You are not required to adopt EMV as of October 1st and there is currently no official date where adoption will be required in the future. On October 1st, liability for fraudulent transactions perpetrated with an EMV chip embedded card simply shifts to the least compliant party. What this means is that if you are EMV enabled and you run a chip embedded card as an EMV transaction for a fraudulent transaction, the liability will not rest with you as the merchant. Instead, the card brand (Visa, Mastercard, etc) will assume liability for that chargeback. This liability shift only applies to card present transactions with EMV enabled cards that are processed as EMV cards. Merchants that are not yet EMV enabled will continue to be responsible for any fraudulent transactions that are perpetrated at their stores, the same liability that currently exists.
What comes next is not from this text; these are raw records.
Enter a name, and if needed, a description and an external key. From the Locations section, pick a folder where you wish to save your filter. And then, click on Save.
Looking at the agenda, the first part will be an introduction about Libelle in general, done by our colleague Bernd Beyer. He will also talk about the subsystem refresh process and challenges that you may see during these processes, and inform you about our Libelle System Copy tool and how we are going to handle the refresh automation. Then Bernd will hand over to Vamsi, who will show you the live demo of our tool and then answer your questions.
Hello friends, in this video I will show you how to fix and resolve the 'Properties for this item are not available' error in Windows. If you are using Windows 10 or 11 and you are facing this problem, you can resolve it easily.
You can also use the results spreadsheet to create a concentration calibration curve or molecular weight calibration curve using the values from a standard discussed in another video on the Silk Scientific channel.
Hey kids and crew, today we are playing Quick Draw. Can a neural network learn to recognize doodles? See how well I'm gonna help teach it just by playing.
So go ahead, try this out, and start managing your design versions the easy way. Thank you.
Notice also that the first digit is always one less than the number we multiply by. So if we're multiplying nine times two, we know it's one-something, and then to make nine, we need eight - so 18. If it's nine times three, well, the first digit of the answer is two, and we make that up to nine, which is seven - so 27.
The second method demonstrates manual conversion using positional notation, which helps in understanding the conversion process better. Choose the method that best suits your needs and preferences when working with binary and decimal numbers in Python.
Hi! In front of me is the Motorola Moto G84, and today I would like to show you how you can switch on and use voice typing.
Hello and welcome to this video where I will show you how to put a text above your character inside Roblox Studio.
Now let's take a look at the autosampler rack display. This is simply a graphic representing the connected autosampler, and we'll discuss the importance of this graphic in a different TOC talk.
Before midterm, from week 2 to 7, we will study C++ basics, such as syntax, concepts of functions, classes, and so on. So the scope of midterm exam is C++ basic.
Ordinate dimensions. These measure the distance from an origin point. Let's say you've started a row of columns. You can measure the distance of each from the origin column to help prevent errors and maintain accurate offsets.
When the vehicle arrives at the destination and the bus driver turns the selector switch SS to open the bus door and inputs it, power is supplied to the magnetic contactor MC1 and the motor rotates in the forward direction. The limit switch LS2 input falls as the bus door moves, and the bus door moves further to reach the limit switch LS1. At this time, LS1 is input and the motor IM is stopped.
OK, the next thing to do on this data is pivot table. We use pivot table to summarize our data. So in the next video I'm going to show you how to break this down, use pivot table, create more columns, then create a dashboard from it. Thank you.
With that said, EMV remains an important piece of the credit card security puzzle and is something you need to consider as part of your overall data security plan. However, as noted in our previous EMV publications, due to the complexity of this change, the credit card processing industry is behind with regard to the certification process for EMV solutions. As a result, we do have an EMV solution available now for those stores that absolutely need it now, but we feel it will be prudent for most of our customers to wait based on the information below.
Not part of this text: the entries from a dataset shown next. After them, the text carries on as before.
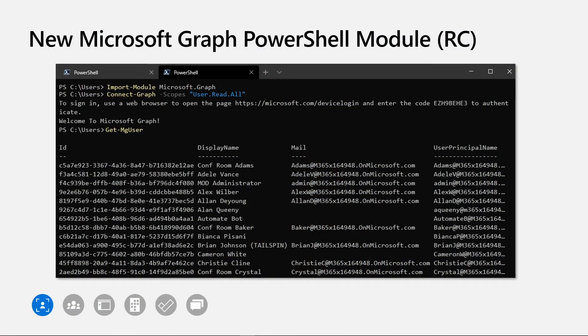For the next few demonstrations, I'll be using the new Microsoft Graph PowerShell module. This new module allows you to script and automate anything you could do on the Microsoft Graph using PowerShell. You could also integrate the new APIs using our SDKs into your applications.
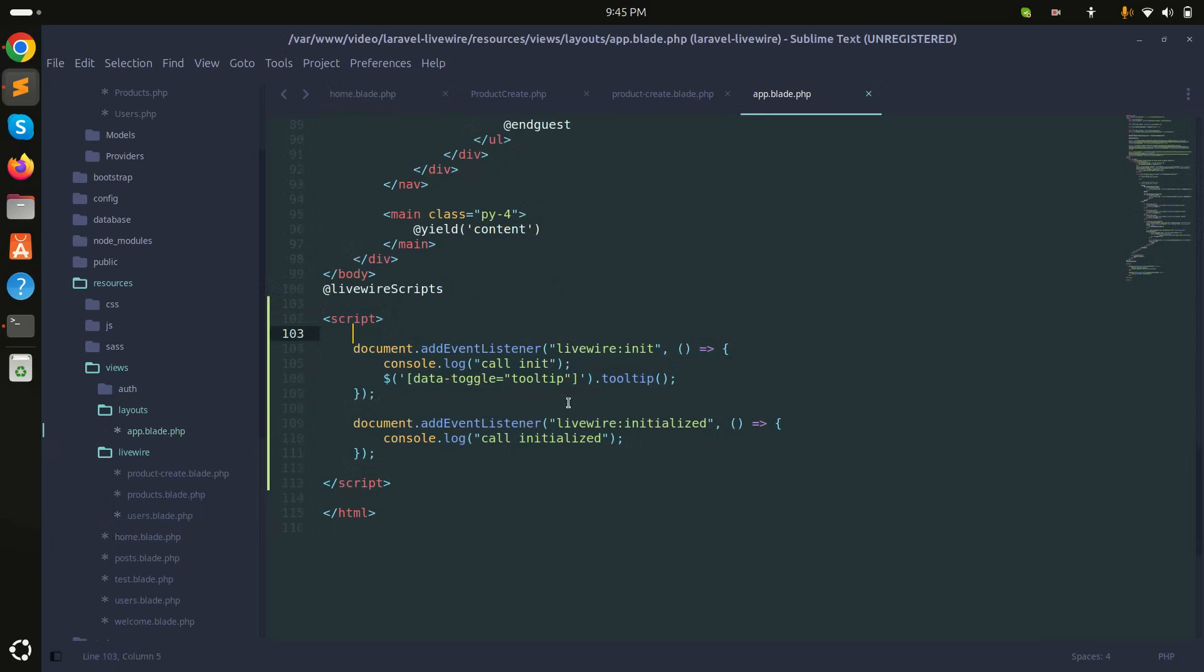So I hope you guys understand the concept of global events in Laravel Livewire. This is a simple example, later we will do more examples and more work on Livewire. I hope you understand and if you like this video then please subscribe my channel for more videos. Thank you so much.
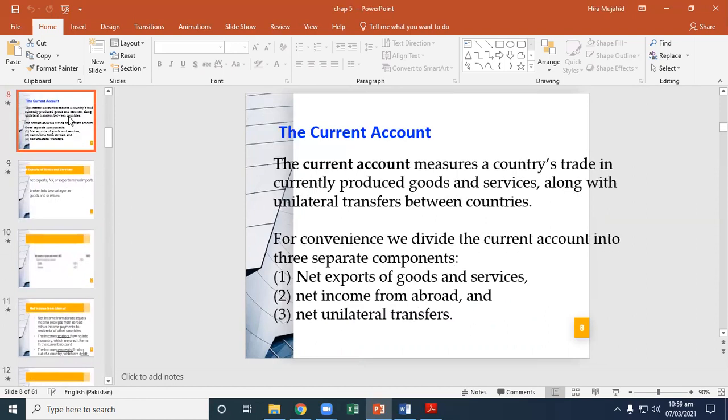The current account measures a country's trade in currently produced goods and services, along with unilateral transfers between countries. For convenience, we divide the current account into three separate components: first, net exports of goods and services; second, net income from abroad; and third, net unilateral transfers.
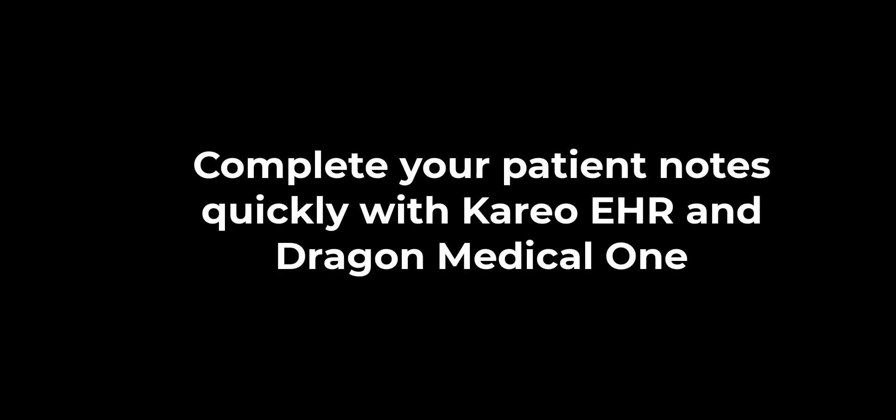Free your time to focus on patient care. Complete your patient notes quickly with Kareo EHR and Dragon Medical One.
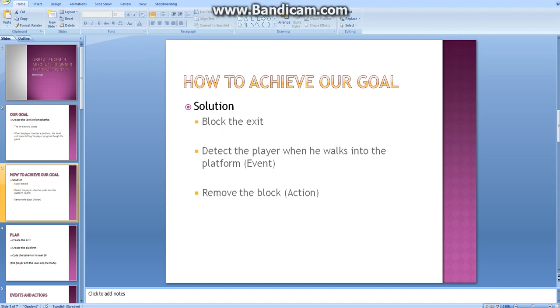So how do we achieve this? We do this by blocking the exit with a static mesh. We then define an event which happens when the player touches the platform. And afterwards when the event is triggered, we execute an action which removes the block.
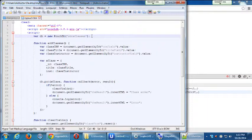A student comments: on Android 4.4.4, the map doesn't show, but it does on 4.1.2. That's exactly what beta testing is all about.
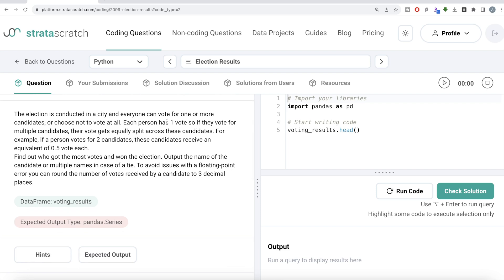The question: an election is conducted in a city and everyone can vote for one or more candidates, or choose not to vote at all. Each person has one vote, so if they vote for multiple candidates their vote gets equally split. For example, if a person votes for two candidates, each receives 0.5 votes. The vote value is one divided by the total number of candidates that person voted for.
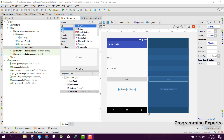Bismillahirrahmanirrahim. Welcome to my another video on Android app development. This will be part 5 of my video series on app-to-app audio calling using Cinch SDK and Firebase. Now we have the real work — in this video I will teach you how to integrate the Cinch SDK and add it to our Android Studio project.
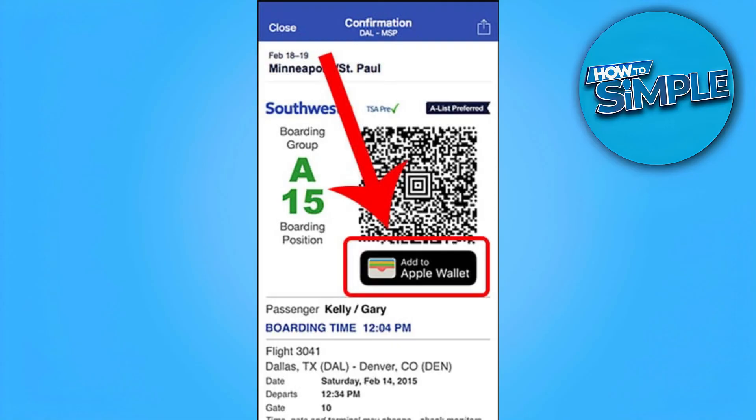Just as long as you select this button, you will be directed to the Apple Wallet app. If you find this video helpful, please like and subscribe. Thanks.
- All customers wanting to add EMV capability must upgrade to our latest version: V8.2.1 which is now in general release. Regardless of your decision on EMV, all customers will be upgraded to V8.2.1 or higher by June 1, 2016.
- If you need to implement EMV immediately:
- You will need to change processors to Mercury Payment Systems.
- You will need to purchase a VeriFone VX805 (price is $350). The device is not a signature pad -- it only accepts credit cards (EMV or swipe). You will continue to use your VeriFone MX880* to capture signatures and the credit card functionality on that device will be disabled. Basically, you will have two separate devices, one to process cards and the other to capture signatures.
- If you can wait to implement EMV:
- You may not need to change processors. We are currently awaiting EMV certifications with:
- First Data
- Heartland Payment Systems
We've been told to expect all of these to be available by year end but we don't have any control nor input on this part of the process. As these processors are certified, we will notify you.
- You will have the option of using one device to process cards and accept signatures. We've been told that signature pad certification will occur in the first quarter of 2016. At that point, you will have the option of either using one device to process cards and capture signatures, or the new option of using your existing MX880* along with the VX805 which is a less expensive option.
As I mentioned in the opening, EMV is just one piece of your overall credit card security strategy. You should also be planning to implement point-to-point encryption, and in the coming months as the industry gets caught up, tokenization, and NFC (ApplePay, Google Wallet, etc), which will all be available together. Before you make any decisions, I strongly recommend that you watch this webinar hosted by RMS President & CEO Brad Jones (also available on our website: www.rm-solutions.com/emv). This webinar will give you a more in depth look at EMV and the other technologies you should be considering to help you to make your decision on how to proceed.
Customer Success Manager
*NOTE: while the vast majority of our customers currently use the MX880, we will need to discuss other options for those who don't.